By Western Standard

January 14, 2022

-Western Standard


Getting climate change insurance could be forced on Canadian homeowners, says a federal report.

“We welcome and support the core findings,” Emergency Preparedness Minister Bill Blair said in a Thursday statement.

Blacklock’s Reporter said the report by the Council of Canadian Academies complained too few property owners at risk of flooding have private insurance.

Canadian insurers first sold overland flood coverage in 2015.

Some people have claimed weather disasters in Canada this year — from floods the forest fires — have been caused by climate change.

“Canada is an outlier among many advanced economies offering some form of nationalized flood insurance,” said the report.

The report questioned payment of federal disaster relief to homeowners who live on flood plains and cannot or will not pay for private insurance.

“Individuals who have reason to expect relief may choose to assume additional risk,” said the report.

The Academies proposed overland flood coverage become mandatory.

“The option to opt-out rather than in to flood insurance could be provided,” said the report.

“Evidence shows people are less likely to opt-out of such an option than they are to accept what is being offered. Multi-year insurance contracts could reduce the likelihood of individuals dropping their coverage.”

“In Canada mortgage lenders already require some form of home insurance,” wrote an expert panel chaired by Scott Vaughan, former federal Commissioner of the Environment.

“In the panel’s view, adjusting these requirements to ensure adequate protections from climate-related hazards is increasingly warranted in the face of mounting disaster risks.

“Means-tested vouchers that help cover the costs of flood insurance, funded from the general tax base, are a promising approach to addressing equity concerns without undermining the price signal of the insurance program. Funding hazard mitigation through grants and loans can also play an important role.”

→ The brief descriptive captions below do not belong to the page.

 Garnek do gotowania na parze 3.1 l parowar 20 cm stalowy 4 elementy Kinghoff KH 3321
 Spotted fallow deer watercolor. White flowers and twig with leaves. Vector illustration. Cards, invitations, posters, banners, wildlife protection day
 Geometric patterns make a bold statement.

Blair did not comment specifically on the proposal for mandatory flood coverage. Blair last November 18 said the cabinet was continuing work underway since 2019 on a national flood insurance plan.

“I have had communication with the Insurance Bureau of Canada,” said Blair.

“We are working very closely with them in development of a national flood insurance program for the country. But in the interim, we know there’s important work to be done.”

The IBC in 2019 testimony at the Commons environment committee estimated of about 13 million homeowners nationwide “approximately one million homes or 10% of all residences across the country are at high risk” on flood plains.

Relying on householders at greatest risk to buy private insurance was impractical, testified Craig Stewart, vice-president of the IBC.

“They would drain any insurance pool that you would set up,” he said.

“Other policyholders would essentially be subsidizing them for living there, which is not right. Those people should probably not have been living there in the first place.”

The 2013 Calgary flood saw $1.7 billion in claims, one of the largest insurance claims of its kind, many property owners had inadequate coverage.